Fincher invece è sempre stato proiettato verso il futuro, verso il cinema digitale. Fin dai tempi di Fight Club ha fatto un impiego massiccio di effetti digitali, cosa che non sorprende se si pensa che il suo ingresso nel mondo del cinema avvenne proprio nel campo degli effetti visivi, alla Industrial Light & Magic di George Lucas e partecipò infatti alla realizzazione degli effetti visivi di Star Wars: episodio 6 e Indiana Jones e il tempio maledetto.
Fincher è sempre stato molto pragmatico e ha colto le grandi potenzialità del digitale non solo per gli effetti più evidenti, da film di fantascienza, ma anche per gli effetti invisibili. Che siano i virtuosistici movimenti di macchina che attraversano le pareti in Panic Room, la San Francisco anni ’70 ricostruita al computer di Zodiac o i gemelli Winklevoss di The Social Network.
Risulta quindi assolutamente in linea con il suo percorso la scelta di Netflix, con cui per altro ha firmato un contratto in esclusiva. Il rapporto di Fincher con Netflix risale a House of cards, uno dei primi grandi successi del colosso dello streaming, passando poi per la splendida Mindhunter, purtroppo cancellata in seguito alla seconda stagione, e Love, Death & Robots, di cui vedremo il seguito.
Fincher vede in Netflix una grande opportunità, così come ce l’hanno vista Scorsese o Kaufman. È chiaro infatti che film come Mank, The Irishman e Sto pensando di finirla qui non avrebbero potuto vedere la luce senza l’intervento di Netflix. Da una parte c’è la libertà artistica pressoché totale che viene lasciata a questi autori, a differenza di tutti i vincoli imposti dalle major tradizionali, dall’altra però c’è il rischio di perdere la magia dell’esperienza cinematografica che può dare soltanto il vedere i film in sala, come continua a ripeterci Tarantino.
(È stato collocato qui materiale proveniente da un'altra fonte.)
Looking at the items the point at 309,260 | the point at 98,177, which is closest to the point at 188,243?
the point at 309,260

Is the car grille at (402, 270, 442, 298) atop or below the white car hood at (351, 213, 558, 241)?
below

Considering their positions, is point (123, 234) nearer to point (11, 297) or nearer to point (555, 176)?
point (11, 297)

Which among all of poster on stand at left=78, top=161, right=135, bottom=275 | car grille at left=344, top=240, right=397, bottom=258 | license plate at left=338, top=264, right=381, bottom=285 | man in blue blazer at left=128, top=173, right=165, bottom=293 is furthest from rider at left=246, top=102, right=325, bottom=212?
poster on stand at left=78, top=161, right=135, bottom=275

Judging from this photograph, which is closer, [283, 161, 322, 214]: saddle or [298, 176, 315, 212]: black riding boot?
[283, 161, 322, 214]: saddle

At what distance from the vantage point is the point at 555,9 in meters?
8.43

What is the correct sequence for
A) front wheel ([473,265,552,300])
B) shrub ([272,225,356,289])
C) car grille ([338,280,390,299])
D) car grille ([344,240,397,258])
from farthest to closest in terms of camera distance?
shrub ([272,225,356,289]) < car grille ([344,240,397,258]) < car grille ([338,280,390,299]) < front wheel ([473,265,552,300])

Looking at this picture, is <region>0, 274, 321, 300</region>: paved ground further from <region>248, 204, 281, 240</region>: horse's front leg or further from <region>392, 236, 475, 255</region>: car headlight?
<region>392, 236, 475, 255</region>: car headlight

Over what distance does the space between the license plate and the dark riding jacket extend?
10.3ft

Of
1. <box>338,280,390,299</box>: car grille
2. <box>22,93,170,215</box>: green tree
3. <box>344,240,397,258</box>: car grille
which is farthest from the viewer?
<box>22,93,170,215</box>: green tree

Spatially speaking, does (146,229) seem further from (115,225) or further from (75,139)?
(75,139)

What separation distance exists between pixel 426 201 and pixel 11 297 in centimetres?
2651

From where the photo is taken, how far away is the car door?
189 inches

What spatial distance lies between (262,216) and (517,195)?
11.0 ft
Fincher sembra essere arrivato al limite di sopportazione per quanto riguarda i vincoli imposti dagli studios, lo si capisce dalle varie interviste rilasciate in questo periodo, lo si capisce dalla scelta di firmare il contratto in esclusiva con Netflix, e lo si capisce soprattutto da Mank.
Ciò che il regista racconta nel film sembra infatti estremamente attuale. Nella Hollywood classica, in cui i film erano fortemente codificati in generi (con la distinzione tra generi di serie A e generi di serie B, come fa capire la divertente macchietta di Josef von Sternberg), le major dominavano il mondo del cinema e dietro alla magia della macchina dei sogni c’erano in realtà ragionamenti puramente economici e politici che limitavano la libertà artistica e tarpavano le ali agli autori come Mankiewicz.
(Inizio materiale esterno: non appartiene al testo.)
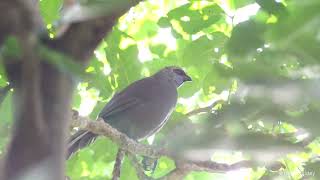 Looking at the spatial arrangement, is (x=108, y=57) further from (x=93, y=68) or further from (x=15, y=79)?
(x=15, y=79)

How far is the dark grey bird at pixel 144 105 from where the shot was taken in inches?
175

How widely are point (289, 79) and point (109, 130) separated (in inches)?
90.7

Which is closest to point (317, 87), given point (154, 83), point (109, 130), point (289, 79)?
point (289, 79)

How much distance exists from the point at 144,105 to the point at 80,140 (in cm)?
124

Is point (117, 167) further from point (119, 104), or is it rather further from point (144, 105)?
point (144, 105)

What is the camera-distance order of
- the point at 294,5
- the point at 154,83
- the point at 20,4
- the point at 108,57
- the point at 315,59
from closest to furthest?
1. the point at 20,4
2. the point at 294,5
3. the point at 315,59
4. the point at 108,57
5. the point at 154,83

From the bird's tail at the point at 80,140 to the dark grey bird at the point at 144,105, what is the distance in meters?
0.41

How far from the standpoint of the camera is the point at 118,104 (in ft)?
14.8

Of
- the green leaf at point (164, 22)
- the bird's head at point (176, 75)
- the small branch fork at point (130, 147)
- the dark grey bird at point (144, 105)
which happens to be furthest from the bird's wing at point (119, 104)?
the green leaf at point (164, 22)

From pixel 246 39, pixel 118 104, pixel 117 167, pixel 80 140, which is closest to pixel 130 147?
pixel 117 167

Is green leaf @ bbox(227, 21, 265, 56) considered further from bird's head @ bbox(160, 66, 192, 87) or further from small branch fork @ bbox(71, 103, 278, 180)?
bird's head @ bbox(160, 66, 192, 87)

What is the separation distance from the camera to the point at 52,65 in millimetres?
747

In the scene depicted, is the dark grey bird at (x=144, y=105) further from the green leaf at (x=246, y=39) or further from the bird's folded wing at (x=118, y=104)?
the green leaf at (x=246, y=39)

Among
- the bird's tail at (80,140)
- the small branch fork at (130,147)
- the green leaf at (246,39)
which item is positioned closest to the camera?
the green leaf at (246,39) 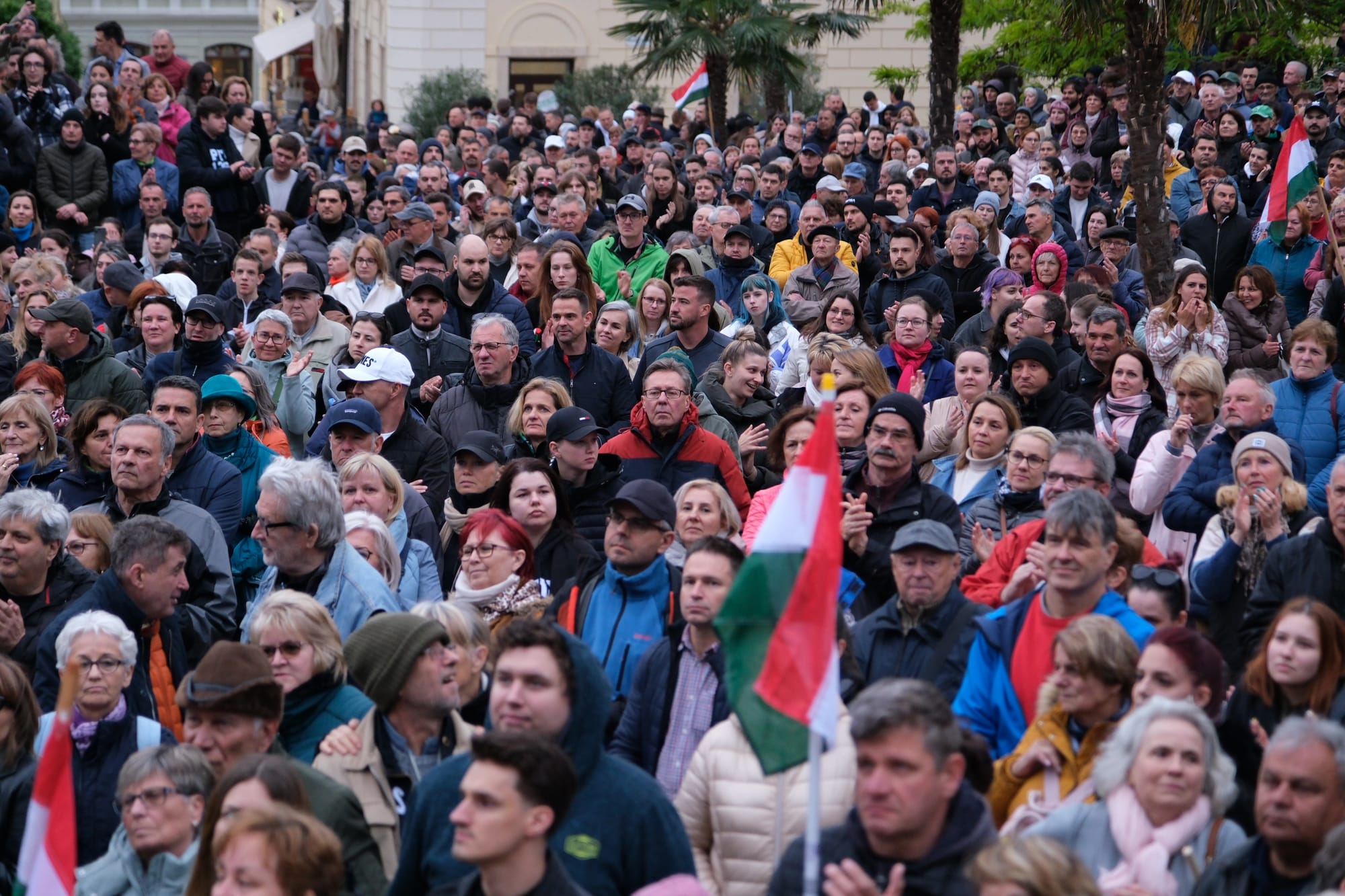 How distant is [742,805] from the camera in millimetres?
5258

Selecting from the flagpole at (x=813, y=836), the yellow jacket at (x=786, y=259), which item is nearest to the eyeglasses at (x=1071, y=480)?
the flagpole at (x=813, y=836)

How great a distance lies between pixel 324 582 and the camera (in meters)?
6.82

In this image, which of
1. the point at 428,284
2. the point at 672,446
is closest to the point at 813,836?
the point at 672,446

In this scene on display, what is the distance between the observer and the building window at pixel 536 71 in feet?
150

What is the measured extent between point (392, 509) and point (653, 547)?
1631mm

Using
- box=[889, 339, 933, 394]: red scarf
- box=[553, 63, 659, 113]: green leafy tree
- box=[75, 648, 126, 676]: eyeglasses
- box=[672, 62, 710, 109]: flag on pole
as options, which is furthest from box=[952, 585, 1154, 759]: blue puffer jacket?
box=[553, 63, 659, 113]: green leafy tree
Le cose non sembrano essere cambiate di molto, il cinema è sempre un’industria, inevitabilmente, e gli artisti come Mankiewicz, in cui Fincher sembra rispecchiarsi, non hanno vita facile, a meno che non si adeguino alle logiche e ai limiti del cinema più vendibile.
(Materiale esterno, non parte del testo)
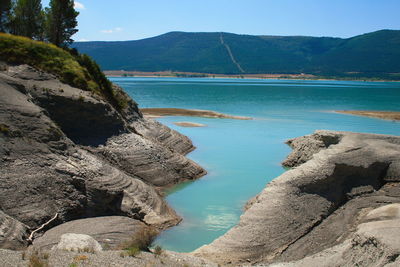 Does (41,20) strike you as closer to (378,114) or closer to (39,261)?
(39,261)

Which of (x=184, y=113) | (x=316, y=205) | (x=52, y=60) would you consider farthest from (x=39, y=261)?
(x=184, y=113)

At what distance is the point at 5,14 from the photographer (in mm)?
48125

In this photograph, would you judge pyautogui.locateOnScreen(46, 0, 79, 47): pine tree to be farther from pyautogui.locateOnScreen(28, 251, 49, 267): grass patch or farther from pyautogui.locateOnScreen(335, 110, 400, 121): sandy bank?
pyautogui.locateOnScreen(335, 110, 400, 121): sandy bank

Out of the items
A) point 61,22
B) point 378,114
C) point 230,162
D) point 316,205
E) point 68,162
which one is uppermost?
point 61,22

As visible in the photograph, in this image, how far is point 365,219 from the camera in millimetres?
20609

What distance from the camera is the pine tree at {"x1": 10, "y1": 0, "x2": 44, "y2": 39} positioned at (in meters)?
48.2

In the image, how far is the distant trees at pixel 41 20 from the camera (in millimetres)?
44344

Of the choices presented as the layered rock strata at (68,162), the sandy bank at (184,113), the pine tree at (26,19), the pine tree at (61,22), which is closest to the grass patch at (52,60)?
the layered rock strata at (68,162)

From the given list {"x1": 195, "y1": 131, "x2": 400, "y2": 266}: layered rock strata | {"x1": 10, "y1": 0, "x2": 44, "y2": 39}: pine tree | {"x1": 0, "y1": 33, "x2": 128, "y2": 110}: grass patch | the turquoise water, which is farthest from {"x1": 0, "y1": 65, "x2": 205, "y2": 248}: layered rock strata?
{"x1": 10, "y1": 0, "x2": 44, "y2": 39}: pine tree

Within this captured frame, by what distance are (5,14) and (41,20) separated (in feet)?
13.5

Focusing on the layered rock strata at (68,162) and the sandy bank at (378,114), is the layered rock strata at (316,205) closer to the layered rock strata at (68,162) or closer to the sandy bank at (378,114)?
the layered rock strata at (68,162)

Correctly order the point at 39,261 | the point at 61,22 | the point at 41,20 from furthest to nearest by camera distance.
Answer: the point at 41,20 < the point at 61,22 < the point at 39,261

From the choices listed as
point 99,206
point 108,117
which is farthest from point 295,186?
point 108,117

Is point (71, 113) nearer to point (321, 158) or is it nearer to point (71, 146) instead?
point (71, 146)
Mank è la perfetta dimostrazione di tutto ciò. Come già detto si tratta di un film di difficile fruizione a anche di scarsa appetibilità per un distributore. Non a caso Fincher avrebbe dovuto portare sullo schermo la sceneggiatura di Mank, scritta da suo padre, morto nel 2003, in seguito a The Game, film del 1997, ma la volontà del regista di girarlo in bianco e nero fece sì che il progetto non interessasse alle case produttrici fino all’intervento di Netflix.
Per la precisione il padre del regista, da sempre grande estimatore di Quarto potere, scrisse la sceneggiatura di Mank prima che Fincher avesse girato il suo primo film, Alien 3, quando, dopo anni come giornalista, decise di scrivere la sua prima, e unica, sceneggiatura.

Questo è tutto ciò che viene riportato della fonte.